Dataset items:
────
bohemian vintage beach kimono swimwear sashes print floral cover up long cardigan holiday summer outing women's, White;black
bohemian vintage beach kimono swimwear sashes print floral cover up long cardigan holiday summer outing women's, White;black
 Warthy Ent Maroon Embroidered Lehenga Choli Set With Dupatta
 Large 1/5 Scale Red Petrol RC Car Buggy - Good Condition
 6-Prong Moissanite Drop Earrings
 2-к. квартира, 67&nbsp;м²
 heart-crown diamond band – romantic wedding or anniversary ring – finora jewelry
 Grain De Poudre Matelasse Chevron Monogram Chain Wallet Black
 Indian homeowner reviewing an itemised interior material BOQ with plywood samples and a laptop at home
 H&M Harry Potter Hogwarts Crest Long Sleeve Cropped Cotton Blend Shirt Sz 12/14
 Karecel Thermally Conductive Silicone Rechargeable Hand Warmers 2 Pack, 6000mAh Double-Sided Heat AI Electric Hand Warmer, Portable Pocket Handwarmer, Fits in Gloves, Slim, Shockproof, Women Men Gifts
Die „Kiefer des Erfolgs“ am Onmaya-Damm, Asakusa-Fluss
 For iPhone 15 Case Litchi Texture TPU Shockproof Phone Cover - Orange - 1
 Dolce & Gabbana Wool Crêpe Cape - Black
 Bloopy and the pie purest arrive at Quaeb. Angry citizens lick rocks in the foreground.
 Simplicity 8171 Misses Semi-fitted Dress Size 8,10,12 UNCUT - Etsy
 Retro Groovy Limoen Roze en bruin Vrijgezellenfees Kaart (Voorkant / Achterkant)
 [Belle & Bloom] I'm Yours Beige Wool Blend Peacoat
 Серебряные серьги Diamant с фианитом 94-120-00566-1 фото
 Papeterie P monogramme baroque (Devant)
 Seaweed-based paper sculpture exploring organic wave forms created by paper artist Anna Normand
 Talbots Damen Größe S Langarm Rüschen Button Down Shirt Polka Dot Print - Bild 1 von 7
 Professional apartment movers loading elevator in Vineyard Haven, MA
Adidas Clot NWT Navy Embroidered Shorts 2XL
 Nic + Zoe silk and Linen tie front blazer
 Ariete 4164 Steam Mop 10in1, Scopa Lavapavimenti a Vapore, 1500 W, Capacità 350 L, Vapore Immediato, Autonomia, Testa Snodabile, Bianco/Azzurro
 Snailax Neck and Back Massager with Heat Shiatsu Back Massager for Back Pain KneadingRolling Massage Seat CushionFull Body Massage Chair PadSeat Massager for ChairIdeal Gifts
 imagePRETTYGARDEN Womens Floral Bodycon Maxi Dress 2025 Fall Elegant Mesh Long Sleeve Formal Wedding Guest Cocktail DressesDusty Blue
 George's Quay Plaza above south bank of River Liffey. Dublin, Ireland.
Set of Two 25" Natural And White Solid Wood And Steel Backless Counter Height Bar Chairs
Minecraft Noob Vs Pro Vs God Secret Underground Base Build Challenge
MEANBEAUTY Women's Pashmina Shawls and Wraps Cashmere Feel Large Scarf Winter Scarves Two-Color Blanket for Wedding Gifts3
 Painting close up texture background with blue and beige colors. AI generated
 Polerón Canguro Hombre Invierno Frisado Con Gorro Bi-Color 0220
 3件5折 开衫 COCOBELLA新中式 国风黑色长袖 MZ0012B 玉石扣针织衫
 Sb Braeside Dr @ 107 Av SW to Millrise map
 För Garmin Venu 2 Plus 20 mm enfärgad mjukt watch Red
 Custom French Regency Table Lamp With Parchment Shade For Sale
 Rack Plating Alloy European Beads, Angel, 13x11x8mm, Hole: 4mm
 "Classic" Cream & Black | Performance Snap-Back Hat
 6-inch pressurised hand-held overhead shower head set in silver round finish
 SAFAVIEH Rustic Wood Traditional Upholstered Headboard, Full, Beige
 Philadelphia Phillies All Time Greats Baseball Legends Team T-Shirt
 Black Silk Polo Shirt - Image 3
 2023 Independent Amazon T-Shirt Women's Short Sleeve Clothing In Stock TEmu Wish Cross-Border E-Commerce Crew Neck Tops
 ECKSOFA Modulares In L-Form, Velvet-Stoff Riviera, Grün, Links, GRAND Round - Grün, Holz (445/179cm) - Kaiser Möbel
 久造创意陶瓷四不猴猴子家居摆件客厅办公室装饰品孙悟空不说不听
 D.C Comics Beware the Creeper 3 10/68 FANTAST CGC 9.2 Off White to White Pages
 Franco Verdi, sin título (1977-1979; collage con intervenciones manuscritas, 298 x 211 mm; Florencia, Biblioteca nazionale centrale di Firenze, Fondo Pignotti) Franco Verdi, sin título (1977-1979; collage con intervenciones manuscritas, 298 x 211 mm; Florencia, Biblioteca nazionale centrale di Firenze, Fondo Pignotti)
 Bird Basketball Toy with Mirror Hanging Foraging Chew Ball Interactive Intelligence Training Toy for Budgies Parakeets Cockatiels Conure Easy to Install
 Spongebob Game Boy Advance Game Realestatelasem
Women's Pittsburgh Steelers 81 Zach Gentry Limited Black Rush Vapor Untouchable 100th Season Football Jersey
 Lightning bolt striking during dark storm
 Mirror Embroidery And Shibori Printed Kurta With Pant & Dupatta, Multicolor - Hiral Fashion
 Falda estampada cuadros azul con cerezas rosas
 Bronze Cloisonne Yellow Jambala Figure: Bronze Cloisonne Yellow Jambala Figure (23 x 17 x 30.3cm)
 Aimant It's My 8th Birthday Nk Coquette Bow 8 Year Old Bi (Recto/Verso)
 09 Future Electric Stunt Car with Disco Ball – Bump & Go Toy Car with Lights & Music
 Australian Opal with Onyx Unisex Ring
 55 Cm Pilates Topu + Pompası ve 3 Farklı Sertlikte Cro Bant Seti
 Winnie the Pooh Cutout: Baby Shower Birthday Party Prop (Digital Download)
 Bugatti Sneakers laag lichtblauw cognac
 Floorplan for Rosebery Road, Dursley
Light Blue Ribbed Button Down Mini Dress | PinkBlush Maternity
────
## What you should do
Go to the line holding "Fondo Pignotti) Franco" in the entries above and return it, along with every line after it, exactly as written.

## Answer to this task
 Franco Verdi, sin título (1977-1979; collage con intervenciones manuscritas, 298 x 211 mm; Florencia, Biblioteca nazionale centrale di Firenze, Fondo Pignotti) Franco Verdi, sin título (1977-1979; collage con intervenciones manuscritas, 298 x 211 mm; Florencia, Biblioteca nazionale centrale di Firenze, Fondo Pignotti)
 Bird Basketball Toy with Mirror Hanging Foraging Chew Ball Interactive Intelligence Training Toy for Budgies Parakeets Cockatiels Conure Easy to Install
 Spongebob Game Boy Advance Game Realestatelasem
Women's Pittsburgh Steelers 81 Zach Gentry Limited Black Rush Vapor Untouchable 100th Season Football Jersey
 Lightning bolt striking during dark storm
 Mirror Embroidery And Shibori Printed Kurta With Pant & Dupatta, Multicolor - Hiral Fashion
 Falda estampada cuadros azul con cerezas rosas
 Bronze Cloisonne Yellow Jambala Figure: Bronze Cloisonne Yellow Jambala Figure (23 x 17 x 30.3cm)
 Aimant It's My 8th Birthday Nk Coquette Bow 8 Year Old Bi (Recto/Verso)
 09 Future Electric Stunt Car with Disco Ball – Bump & Go Toy Car with Lights & Music
 Australian Opal with Onyx Unisex Ring
 55 Cm Pilates Topu + Pompası ve 3 Farklı Sertlikte Cro Bant Seti
 Winnie the Pooh Cutout: Baby Shower Birthday Party Prop (Digital Download)
 Bugatti Sneakers laag lichtblauw cognac
 Floorplan for Rosebery Road, Dursley
Light Blue Ribbed Button Down Mini Dress | PinkBlush Maternity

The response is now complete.